Kashmir – a longer version of my article published in Foreign Policy in 2019 https://foreignpolicy.com/2019/08/13/kashmir-is-under-the-heel-of-indias-colonialism/
If to most people in the world, Kashmir is still a Led Zeppelin song, then to the Indian Prime Minister Narendra Modi, Kashmir is a film set and a kind of exclusive shawl. In his public speech — made a few days after his government brought in tens of thousands of troops, put the region under lockdown and telecommunications blockade, arrested hundreds of prominent Kashmiris, and without any consultation with the people, unilaterally revoked the constitutional provision guaranteeing autonomy to Indian administered Kashmir, bifurcated the state into two, and downgraded it from being a state to a federally administered union territory — he blamed the autonomy and family run politics in Kashmir for all the ills, promised development, and foresaw a future where not just Bollywood, but international films would be shot in Kashmir, and the famed Kashmiri crafts including of shawl-making would thrive.
The recent constitutional coup in Kashmir by the ruling Bharatiya Janata Party (BJP) is part of the toxic nationalism that operates with an often violently and coercively enforced Hindu supremacism along with hypocritical doubletalk on gender (usual discourse of liberating women and fantasies of possessing women as property). The aim is to realise the dream of a Hindu nation for the supporters and to deliver economic exploitation by way of resource grabs for its crony backers (in this case by treating Kashmir as real estate, and unpeopled).
A few facts can easily complicate Modi’s narrative on Kashmir. First, the politics of Kashmir that he condemns as family-based is precisely what allowed the BJP to gain a foothold there in its coalition with the Mufti family-led People’s Democratic Party (PDP). BJP used the most pro-Indian Kashmiri leaders to divide sentiments there, and then unilaterally withdrew from the coalition, imposing Centre’s direct rule.

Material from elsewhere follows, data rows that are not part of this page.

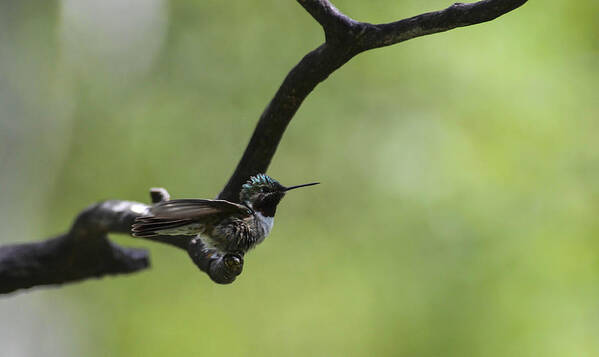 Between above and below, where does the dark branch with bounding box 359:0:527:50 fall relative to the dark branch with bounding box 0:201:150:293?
above

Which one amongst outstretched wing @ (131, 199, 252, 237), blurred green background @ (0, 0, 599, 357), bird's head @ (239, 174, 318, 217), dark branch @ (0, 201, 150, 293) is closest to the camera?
outstretched wing @ (131, 199, 252, 237)

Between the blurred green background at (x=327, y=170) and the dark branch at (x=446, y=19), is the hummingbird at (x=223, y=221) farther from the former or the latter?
the blurred green background at (x=327, y=170)

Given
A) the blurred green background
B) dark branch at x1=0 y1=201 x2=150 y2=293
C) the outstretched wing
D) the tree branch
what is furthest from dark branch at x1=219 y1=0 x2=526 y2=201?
the blurred green background

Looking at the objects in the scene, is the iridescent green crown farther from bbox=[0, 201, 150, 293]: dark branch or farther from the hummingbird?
bbox=[0, 201, 150, 293]: dark branch

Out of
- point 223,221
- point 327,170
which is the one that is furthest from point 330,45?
point 327,170

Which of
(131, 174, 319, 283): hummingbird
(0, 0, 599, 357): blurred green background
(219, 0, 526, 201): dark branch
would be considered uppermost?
(219, 0, 526, 201): dark branch

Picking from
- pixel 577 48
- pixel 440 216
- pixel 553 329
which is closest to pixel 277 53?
pixel 440 216

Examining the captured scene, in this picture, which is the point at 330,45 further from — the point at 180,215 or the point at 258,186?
the point at 180,215

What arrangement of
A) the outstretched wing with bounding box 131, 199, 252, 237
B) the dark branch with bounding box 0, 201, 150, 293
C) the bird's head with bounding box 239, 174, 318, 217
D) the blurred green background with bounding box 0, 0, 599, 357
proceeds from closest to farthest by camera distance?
the outstretched wing with bounding box 131, 199, 252, 237, the bird's head with bounding box 239, 174, 318, 217, the dark branch with bounding box 0, 201, 150, 293, the blurred green background with bounding box 0, 0, 599, 357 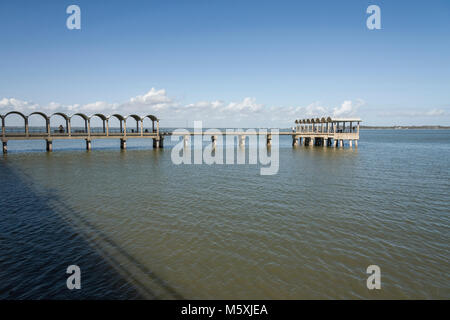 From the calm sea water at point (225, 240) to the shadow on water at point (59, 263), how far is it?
0.04m

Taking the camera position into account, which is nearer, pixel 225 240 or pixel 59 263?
pixel 59 263

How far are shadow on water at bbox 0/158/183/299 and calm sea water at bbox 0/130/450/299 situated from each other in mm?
38

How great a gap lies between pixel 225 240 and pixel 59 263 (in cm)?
541

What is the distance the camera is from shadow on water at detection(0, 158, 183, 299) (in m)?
6.58

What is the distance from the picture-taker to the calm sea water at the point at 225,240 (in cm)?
687

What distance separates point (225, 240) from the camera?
9562mm

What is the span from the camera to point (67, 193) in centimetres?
1612

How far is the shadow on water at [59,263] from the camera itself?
6578 millimetres

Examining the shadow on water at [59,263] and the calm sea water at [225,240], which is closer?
the shadow on water at [59,263]

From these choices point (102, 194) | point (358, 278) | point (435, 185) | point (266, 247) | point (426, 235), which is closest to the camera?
point (358, 278) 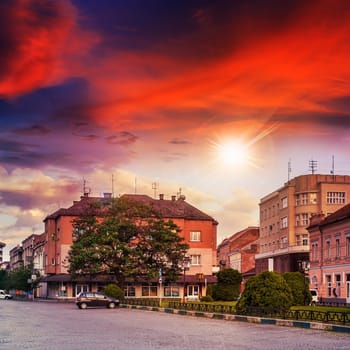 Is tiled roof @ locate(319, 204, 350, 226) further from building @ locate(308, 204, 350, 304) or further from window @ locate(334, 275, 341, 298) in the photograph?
window @ locate(334, 275, 341, 298)

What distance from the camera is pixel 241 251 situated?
13050 centimetres

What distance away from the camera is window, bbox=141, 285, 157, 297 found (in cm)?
8669

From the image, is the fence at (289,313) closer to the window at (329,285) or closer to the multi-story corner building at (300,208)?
the window at (329,285)

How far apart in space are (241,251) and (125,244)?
6433 cm

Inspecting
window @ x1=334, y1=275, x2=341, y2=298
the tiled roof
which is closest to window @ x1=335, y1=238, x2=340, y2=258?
the tiled roof

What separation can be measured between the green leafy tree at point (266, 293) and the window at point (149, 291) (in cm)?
5017

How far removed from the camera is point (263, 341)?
22.1 metres

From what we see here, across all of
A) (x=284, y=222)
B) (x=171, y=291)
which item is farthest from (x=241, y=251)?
(x=171, y=291)

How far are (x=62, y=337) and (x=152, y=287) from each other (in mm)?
64635

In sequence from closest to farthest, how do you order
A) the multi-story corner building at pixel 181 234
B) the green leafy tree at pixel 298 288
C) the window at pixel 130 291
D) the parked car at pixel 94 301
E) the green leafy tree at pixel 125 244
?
the green leafy tree at pixel 298 288, the parked car at pixel 94 301, the green leafy tree at pixel 125 244, the window at pixel 130 291, the multi-story corner building at pixel 181 234

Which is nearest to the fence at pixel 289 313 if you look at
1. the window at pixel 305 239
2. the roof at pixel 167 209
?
the roof at pixel 167 209

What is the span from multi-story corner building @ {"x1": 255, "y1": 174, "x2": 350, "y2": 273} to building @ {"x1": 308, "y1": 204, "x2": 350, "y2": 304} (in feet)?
66.5

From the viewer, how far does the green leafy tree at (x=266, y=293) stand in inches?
1409

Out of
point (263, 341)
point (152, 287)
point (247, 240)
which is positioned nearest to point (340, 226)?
point (152, 287) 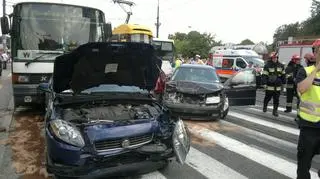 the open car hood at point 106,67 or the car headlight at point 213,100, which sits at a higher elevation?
the open car hood at point 106,67

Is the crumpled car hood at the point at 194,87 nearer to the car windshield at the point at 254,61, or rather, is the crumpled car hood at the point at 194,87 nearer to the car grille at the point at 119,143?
the car grille at the point at 119,143

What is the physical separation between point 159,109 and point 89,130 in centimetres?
128

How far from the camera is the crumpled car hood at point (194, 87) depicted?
409 inches

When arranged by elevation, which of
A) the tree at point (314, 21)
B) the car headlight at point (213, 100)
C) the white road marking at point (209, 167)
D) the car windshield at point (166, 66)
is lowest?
the white road marking at point (209, 167)

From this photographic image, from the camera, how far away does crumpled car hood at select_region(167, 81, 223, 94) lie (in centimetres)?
1040

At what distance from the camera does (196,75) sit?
11.7 metres

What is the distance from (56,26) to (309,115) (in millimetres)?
7306

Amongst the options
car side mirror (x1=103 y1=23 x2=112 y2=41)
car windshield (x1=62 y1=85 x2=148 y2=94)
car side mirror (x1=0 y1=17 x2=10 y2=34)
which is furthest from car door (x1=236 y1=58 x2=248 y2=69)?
car windshield (x1=62 y1=85 x2=148 y2=94)

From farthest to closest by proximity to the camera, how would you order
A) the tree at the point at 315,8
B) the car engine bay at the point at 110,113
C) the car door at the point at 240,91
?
the tree at the point at 315,8, the car door at the point at 240,91, the car engine bay at the point at 110,113

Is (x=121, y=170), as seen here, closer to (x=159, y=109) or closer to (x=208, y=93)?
(x=159, y=109)

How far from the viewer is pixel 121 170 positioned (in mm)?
4977

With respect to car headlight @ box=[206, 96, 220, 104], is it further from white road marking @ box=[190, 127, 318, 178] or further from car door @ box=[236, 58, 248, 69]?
car door @ box=[236, 58, 248, 69]

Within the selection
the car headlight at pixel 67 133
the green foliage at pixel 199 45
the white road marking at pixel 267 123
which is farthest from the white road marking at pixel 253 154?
the green foliage at pixel 199 45

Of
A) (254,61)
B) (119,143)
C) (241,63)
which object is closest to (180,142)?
(119,143) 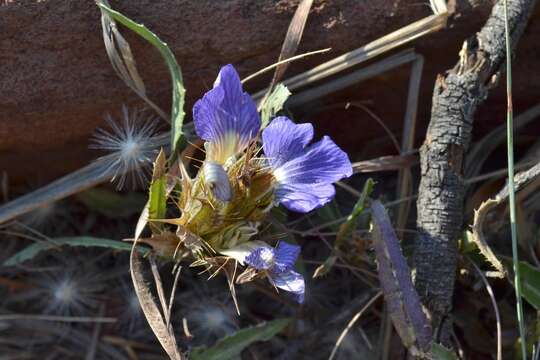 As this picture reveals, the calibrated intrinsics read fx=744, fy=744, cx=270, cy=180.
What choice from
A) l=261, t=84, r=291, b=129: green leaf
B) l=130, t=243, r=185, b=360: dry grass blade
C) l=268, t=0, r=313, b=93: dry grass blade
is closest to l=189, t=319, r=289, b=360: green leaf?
l=130, t=243, r=185, b=360: dry grass blade

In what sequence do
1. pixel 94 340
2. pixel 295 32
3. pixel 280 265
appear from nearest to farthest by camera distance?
pixel 280 265
pixel 295 32
pixel 94 340

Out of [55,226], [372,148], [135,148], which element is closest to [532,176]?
[372,148]

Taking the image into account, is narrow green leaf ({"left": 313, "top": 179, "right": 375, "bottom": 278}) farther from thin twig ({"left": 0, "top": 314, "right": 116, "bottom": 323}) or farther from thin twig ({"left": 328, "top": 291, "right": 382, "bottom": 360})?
thin twig ({"left": 0, "top": 314, "right": 116, "bottom": 323})

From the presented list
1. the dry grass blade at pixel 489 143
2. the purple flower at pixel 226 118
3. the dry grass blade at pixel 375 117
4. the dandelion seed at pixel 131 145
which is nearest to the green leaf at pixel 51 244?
the dandelion seed at pixel 131 145

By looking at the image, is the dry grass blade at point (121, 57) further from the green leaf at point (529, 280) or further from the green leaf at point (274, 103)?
the green leaf at point (529, 280)

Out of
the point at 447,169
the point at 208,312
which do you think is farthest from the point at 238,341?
the point at 447,169

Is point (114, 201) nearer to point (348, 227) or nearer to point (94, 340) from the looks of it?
point (94, 340)

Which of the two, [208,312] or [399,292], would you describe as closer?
[399,292]

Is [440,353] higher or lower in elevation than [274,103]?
lower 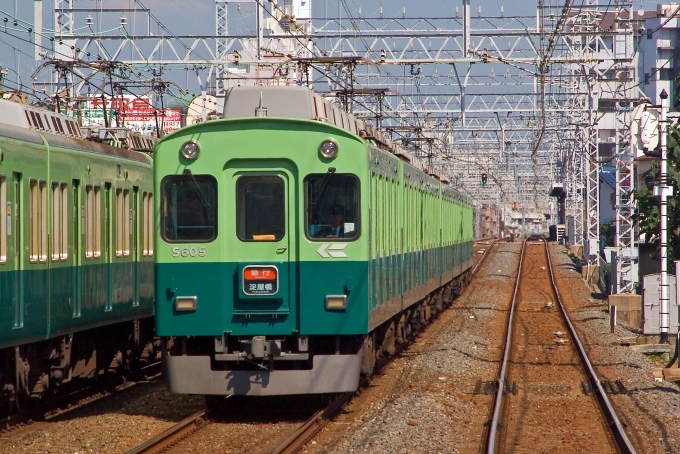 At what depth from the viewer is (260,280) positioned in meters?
9.83

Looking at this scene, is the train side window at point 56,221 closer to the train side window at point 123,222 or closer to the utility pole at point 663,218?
the train side window at point 123,222

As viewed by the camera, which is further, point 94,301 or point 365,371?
point 94,301

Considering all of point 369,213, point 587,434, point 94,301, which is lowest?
point 587,434

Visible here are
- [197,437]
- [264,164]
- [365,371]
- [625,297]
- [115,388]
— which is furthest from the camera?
[625,297]

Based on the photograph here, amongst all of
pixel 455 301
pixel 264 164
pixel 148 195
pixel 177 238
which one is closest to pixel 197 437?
pixel 177 238

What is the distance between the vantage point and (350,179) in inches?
393

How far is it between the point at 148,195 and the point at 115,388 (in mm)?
2466

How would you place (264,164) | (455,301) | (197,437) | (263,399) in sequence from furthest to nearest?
(455,301), (263,399), (264,164), (197,437)

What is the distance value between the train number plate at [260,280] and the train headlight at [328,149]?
113 centimetres

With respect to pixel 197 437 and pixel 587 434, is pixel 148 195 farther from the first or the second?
pixel 587 434

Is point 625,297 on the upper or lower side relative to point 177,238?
lower

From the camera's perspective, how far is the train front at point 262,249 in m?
9.80

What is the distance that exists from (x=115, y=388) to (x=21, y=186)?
163 inches

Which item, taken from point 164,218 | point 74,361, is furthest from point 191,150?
point 74,361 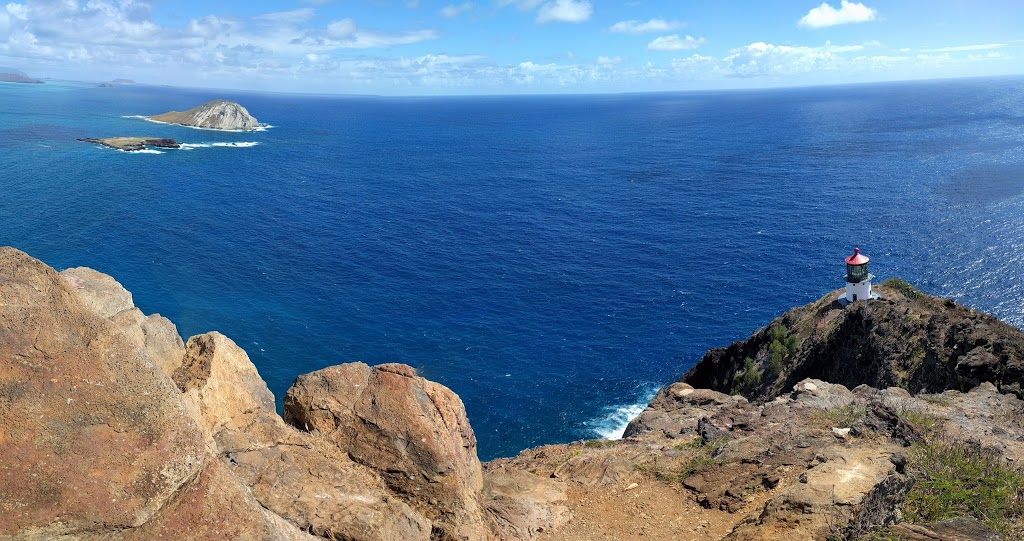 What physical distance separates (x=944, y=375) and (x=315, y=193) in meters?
124

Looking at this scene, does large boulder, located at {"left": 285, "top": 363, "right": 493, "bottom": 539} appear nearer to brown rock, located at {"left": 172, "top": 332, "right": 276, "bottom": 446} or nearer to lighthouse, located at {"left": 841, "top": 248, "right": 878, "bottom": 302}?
brown rock, located at {"left": 172, "top": 332, "right": 276, "bottom": 446}

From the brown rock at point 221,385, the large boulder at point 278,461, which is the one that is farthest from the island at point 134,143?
the large boulder at point 278,461

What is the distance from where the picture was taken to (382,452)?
723 inches

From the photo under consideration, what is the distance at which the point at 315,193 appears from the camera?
13700 centimetres

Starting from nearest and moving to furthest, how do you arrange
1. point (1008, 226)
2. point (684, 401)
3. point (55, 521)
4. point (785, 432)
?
point (55, 521), point (785, 432), point (684, 401), point (1008, 226)

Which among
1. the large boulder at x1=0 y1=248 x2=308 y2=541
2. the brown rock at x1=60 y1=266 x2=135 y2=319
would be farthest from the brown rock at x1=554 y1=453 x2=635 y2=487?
the brown rock at x1=60 y1=266 x2=135 y2=319

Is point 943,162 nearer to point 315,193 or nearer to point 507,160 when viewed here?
point 507,160

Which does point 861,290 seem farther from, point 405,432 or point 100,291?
point 100,291

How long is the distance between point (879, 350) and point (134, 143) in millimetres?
198889

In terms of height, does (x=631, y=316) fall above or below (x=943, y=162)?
below

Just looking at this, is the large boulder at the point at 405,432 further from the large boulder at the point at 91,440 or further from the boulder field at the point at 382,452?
the large boulder at the point at 91,440

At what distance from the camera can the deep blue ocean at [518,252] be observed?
218 ft

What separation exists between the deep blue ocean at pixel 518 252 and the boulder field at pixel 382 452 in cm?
2900

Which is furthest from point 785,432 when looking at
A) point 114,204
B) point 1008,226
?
point 114,204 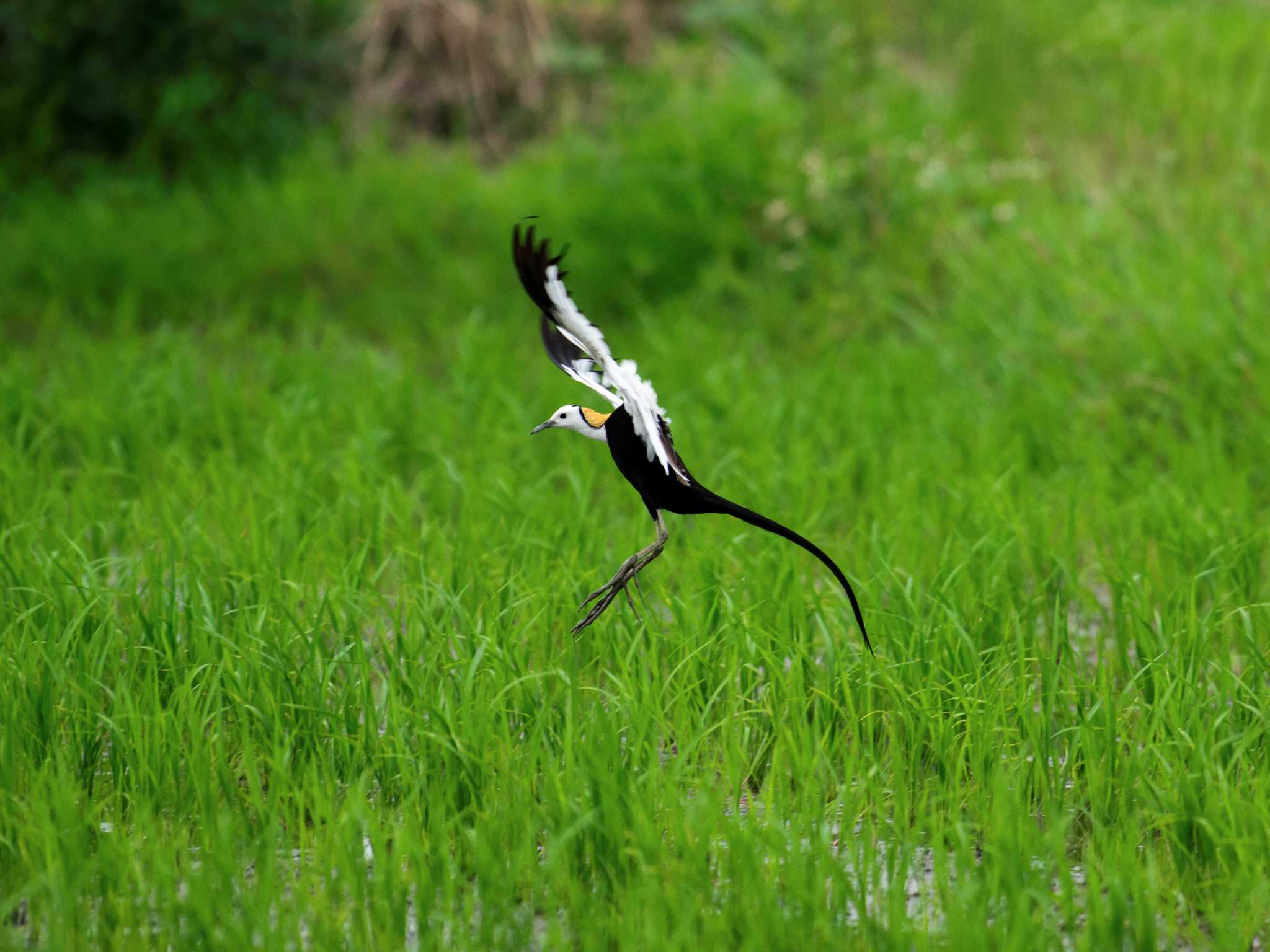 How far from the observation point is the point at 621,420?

Second, Modi claimed to liberate all Kashmiris but all the policies in place are keeping the Kashmiri people under siege, detaining and arresting many of them. The very idea that he could as he said, at some point in the future, reinstate the region back to being a state again, makes crystal clear the dictatorial style of functioning of his government. Why bother with the democratic niceties, when the strongman leader can upgrade and downgrade the status of states in an arbitrary and tyrannical way, making a mockery of the Constitution as he goes along?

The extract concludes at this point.